To be sure, the nature and strictness of fasting greatly depend on ethnic, cultural, and local traditions, health conditions, personal preferences, and opinions of individual lay Christians and clergy. Most people, however, agree that at a minimum, fasting includes abstinence from meat. Popular beliefs concerning the reasons for this abstinence are quite murky and range from some notion that meat dishes are best fitting for celebrations to an idea that we partake of animal passions when we eat meat. Naturally, such beliefs - as most popular beliefs - raise more questions than provide answers.
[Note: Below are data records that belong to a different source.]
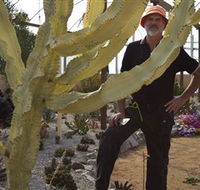 Cactus Country - Accommodation Port Macquarie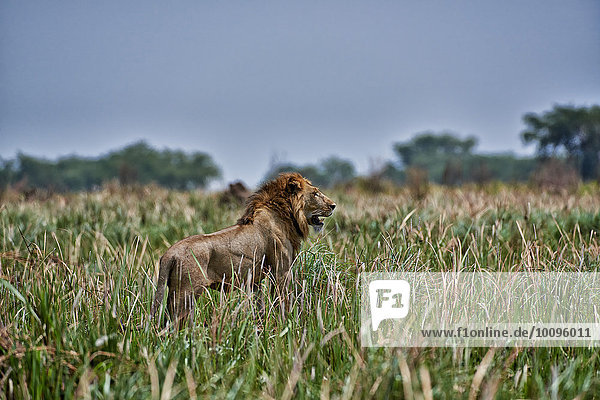 Löwe,  Panthera leo,  Queen-Elizabeth-Nationalpark,  Uganda,  Afrika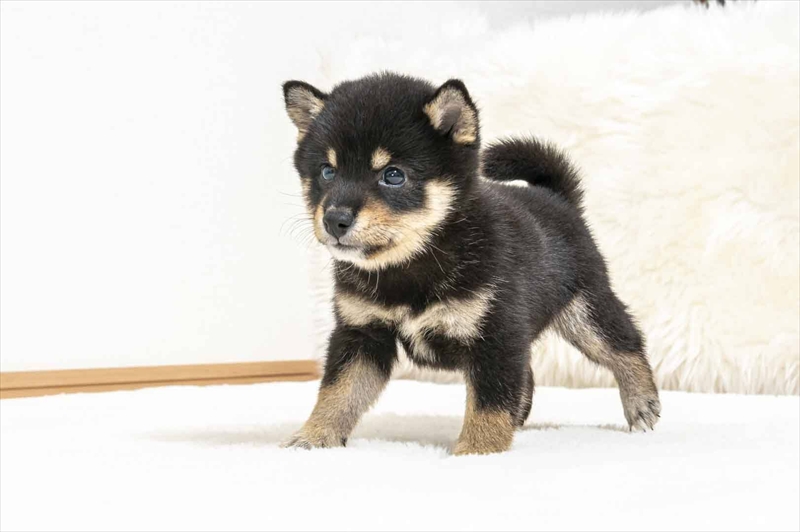 豆柴犬 販売子犬番号 あらんくん 写真4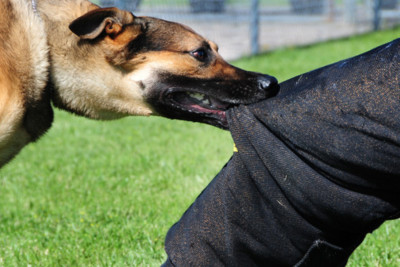 Ötən il heyvanlar neçə Bakı sakinini dişləyib? 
A hard-working man eating a cheap turkey sandwich he bought for his lunch at a gas station is hardly celebrating in the same way as someone who roasted a whole pig for his daughter’s wedding, or even as someone who enjoys a vegan tofurky instead of the pig, or who baked a filet of Copper River king salmon - even if with olive oil instead of butter.

Likewise, when it comes to passions, it seems that cows, as an example, are a lot less passionate than humans, and we should eat more beef during our fasts in order to attain their serenity and contentment. Some say that Adolf Hitler and many top Nazi officials were vegetarians - at least, for some time during World War II, but few would argue that this type of fasting helped them conquer their passions. Likewise, if most people living in India abstain from eating meat, persistent reports of gang rapes coming from that country are not particularly indicative of a state of passionlessness achieved through the traditional Hindu diet.